Institut Ramon LLull

Alexandra Mira and Beth Caygill are awarded grants for Catalan studies by the North American Catalan Society and Queen Mary University of London, respectively

Language.  01/12/2023

The two grants, funded by the Institut Ramon Llull, aim to generate scientific knowledge and enrich the discipline of Catalan studies.




The NACS (North American Catalan Society) annual grant for Catalan studies is aimed at doctoral students from universities in Canada or the United States whose academic background is outside the scope of the Catalan-speaking world. Its goal is to contribute to promoting the professional development of young academics while generating scientific knowledge. The grant has been awarded to Alexandra Mira, a PhD candidate in Literature and Cultural Studies of the Department of Spanish and Portuguese of Georgetown University. Her research focuses on intersectionalities of gender, sexuality and race in pop culture representations on the Iberian peninsula in the 20th and 21st centuries. She also analyses historical memory, nostalgia and the accepted elements of costumbrismo and cutrismo (trashiness) represented in working class culture from a transnational perspective. Her PhD thesis aims to redefine the concept of cutre through the study of trash culture as a cultural construct arising from neoliberalism and techno-globalisation. The topics covered include Catalan-Caribbean music from its beginnings to the present day (Bad Gyal, Rosalía), queer performance in Barcelona in the 1970s (Nazario Luque, Ocaña) as the salvation of bad taste, and the commodification of nostalgia for trashiness in TV series such as Aquí no hay quien viva.
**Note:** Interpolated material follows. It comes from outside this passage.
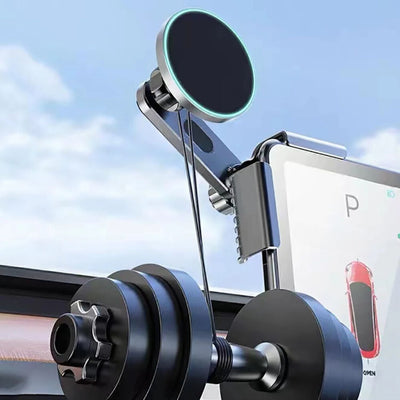 Magnetisches Auto-Ladegerät & Handyhalter für Tesla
Since the 2020-2021 academic year, grants have been awarded to the following students: Nathan Douglas (Indiana University), Celia Sainz (University of Massachusetts Amherst) and James Ramsburg (University of Minnesota).

The Balearic Islands Doctoral Studentship in Catalan Studies of the Queen Mary University of London promotes academic research in Catalan studies in the United Kingdom and Ireland. The duration of the studentship is three academic years. The person selected to pursue the PhD in Catalan Studies for the next three academic years is Beth Caygill, whose research project is entitled “Fem i Desfem. Towards a Genealogy of Feminist Catalan Literature; Critical Feminist Translation Practices”. Caygill holds a BA in Modern Languages and Music from the University of Birmingham, where she began studying Catalan language and culture. Focusing on Catalan women’s poetry, and drawing from the interdisciplinary fields of feminist and queer theory, the goal of her research is to situate six Catalan poets (Rosa Leveroni, Maria Mercè Marçal, Mari Chordà i Requesens, Montserrat Abelló, Antonina Canyelles and Dolors Miquel) in the socio-historical landscapes of exile, the Spanish transition to democracy and the fight for women’s rights in Spain. Her thesis aims to analyse the body of feminist Catalan literature and the practice of feminist translation over the three generations in which these authors are situated, adopting a kaleidoscopic approach that goes beyond written texts, encompassing the analysis of translation theories, which have historically been masculinised.

The students who have previously been awarded this studentship are Richard Huddleson and James Chow-Thomas.

The research grant programme of the Institut Ramon Llull is aimed at promoting the professional development of young academics who have completed Catalan studies at universities outside the Catalan-speaking world, thereby incentivising and increasing Catalan studies within the international academic community.